[Problem to solve] No images, please. Copy each entry below exactly as it reads.

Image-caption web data
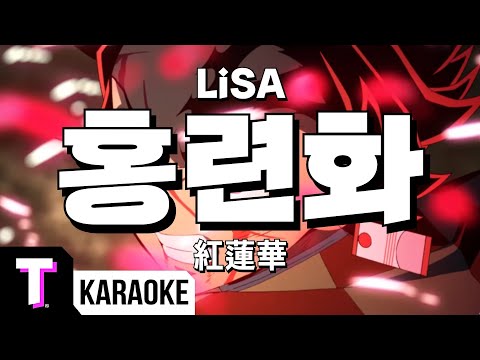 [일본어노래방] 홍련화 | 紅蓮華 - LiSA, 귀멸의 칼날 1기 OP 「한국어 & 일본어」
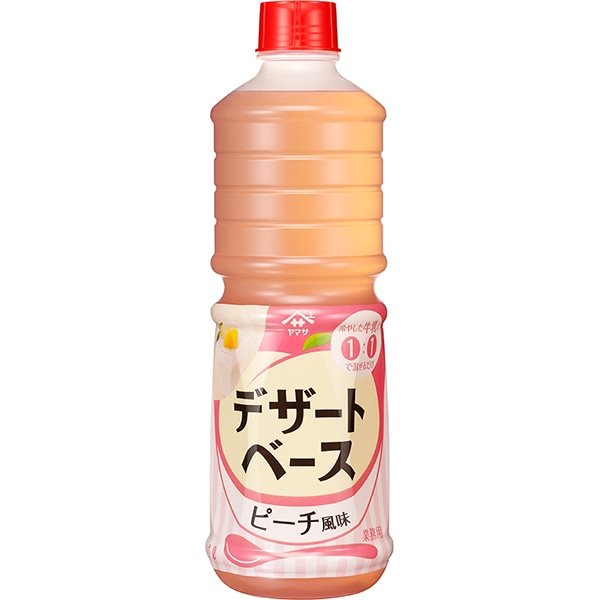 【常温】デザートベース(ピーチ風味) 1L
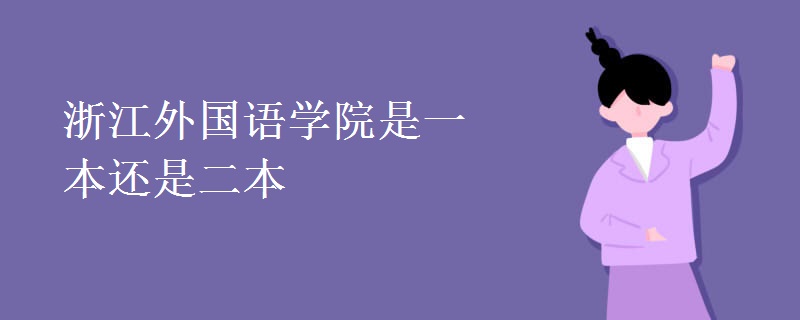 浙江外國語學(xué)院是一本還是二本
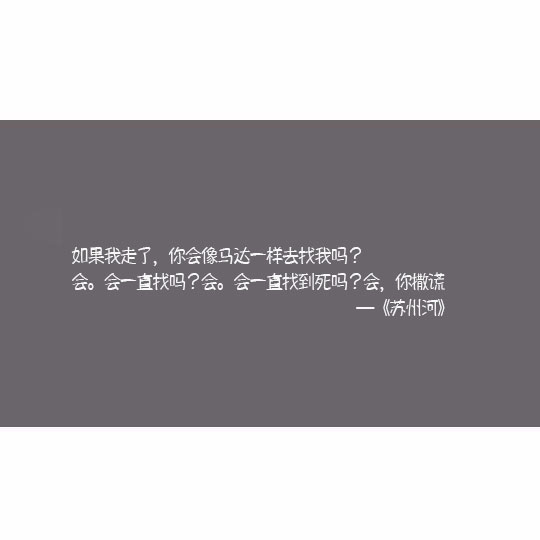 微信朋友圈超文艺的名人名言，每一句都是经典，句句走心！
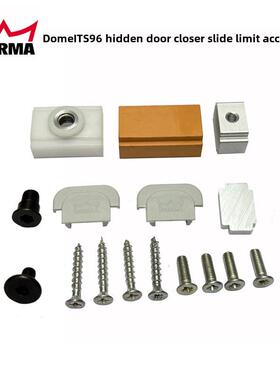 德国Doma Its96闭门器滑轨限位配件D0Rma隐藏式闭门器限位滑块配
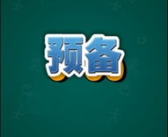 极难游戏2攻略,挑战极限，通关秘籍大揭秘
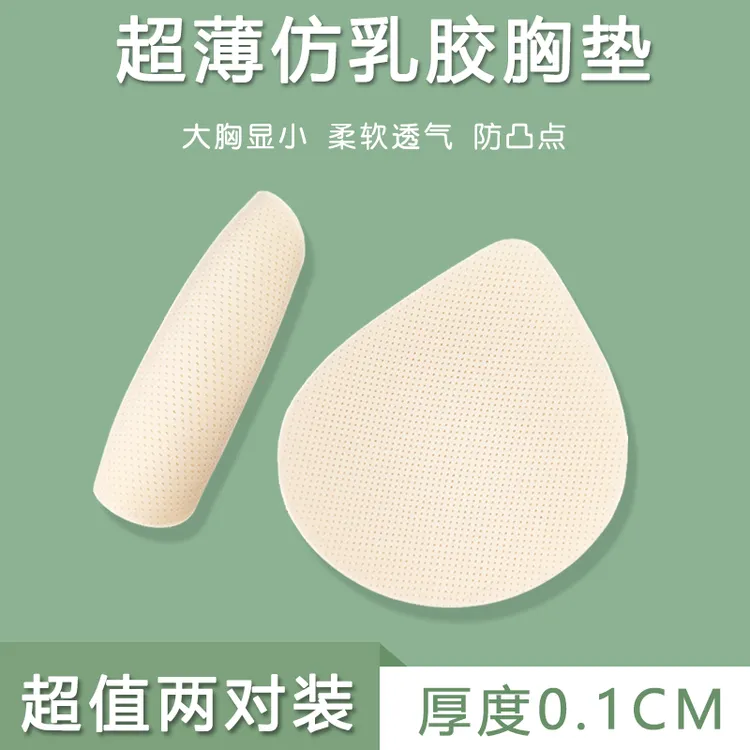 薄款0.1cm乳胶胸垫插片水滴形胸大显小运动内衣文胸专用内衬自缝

[Exercise result]
 [일본어노래방] 홍련화 | 紅蓮華 - LiSA, 귀멸의 칼날 1기 OP 「한국어 & 일본어」
 【常温】デザートベース(ピーチ風味) 1L
 浙江外國語學(xué)院是一本還是二本
 微信朋友圈超文艺的名人名言，每一句都是经典，句句走心！
 德国Doma Its96闭门器滑轨限位配件D0Rma隐藏式闭门器限位滑块配
 极难游戏2攻略,挑战极限，通关秘籍大揭秘
 薄款0.1cm乳胶胸垫插片水滴形胸大显小运动内衣文胸专用内衬自缝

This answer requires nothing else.